# Odd behaviour, steps on cat or other dog on purpose



## Maddy Sperling (May 29, 2016)

*DC area goldens!*

Tobykatt sees Emma as a predator he's trying outsmart. Cats' ancestors needed to survive despite being prey and predator. As prey they're pretty arrogant though. That's why Tobycatt messes with Emma and Billy like this. 
On a related note, my snowy interacts with one of my friends kittens once a week and never moves. She just stares instead while the kitten tries to play with her. 
She has had major social anxiety after being attacked (no injury). She doesn't have a mean bone in her body but she is much more comfortable around other goldens. She spent her first year and a half at a puppy mill until she was rescued then lived exclusively other goldens. 
We live in chevy chase and walk in rock creek park where snowy loves to swim. 
Let me know if you walk there!


----------



## dianev00 (Jul 20, 2017)

My last golden, Andy, accidentally stepped on my cat, Bo. Once Andy was so excited that he backed up and planted his back paw right in the middle of Bo's stomach. Now, my cat is a flame point Siamese. He is the most laid back cat I've ever owned and he loved my Andy. Wouldn't raise a claw to him or us. But when that goofball stepped on him, that cat screeched at the top of his lungs. 

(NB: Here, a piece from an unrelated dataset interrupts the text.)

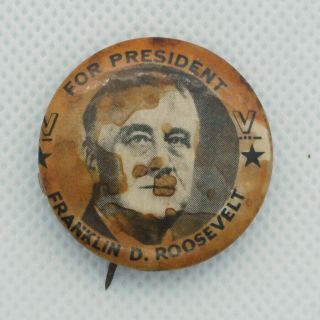 1944 - Franklin D.  Roosevelt - U.  S.  Presidential Election Button - Rare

Bo also used to have this game he played with Andy where he would hide behind a chair in the living room and he'd shoot out at Andy, pounce him, then run and hide behind another chair or hide somewhere in another room. Andy would chase Bo and bark at him (tail wagging of course) and play bow. Then when Andy wasn't looking, Bo would shoot out and that crazy dog would run after him. Those two would play for hours.


----------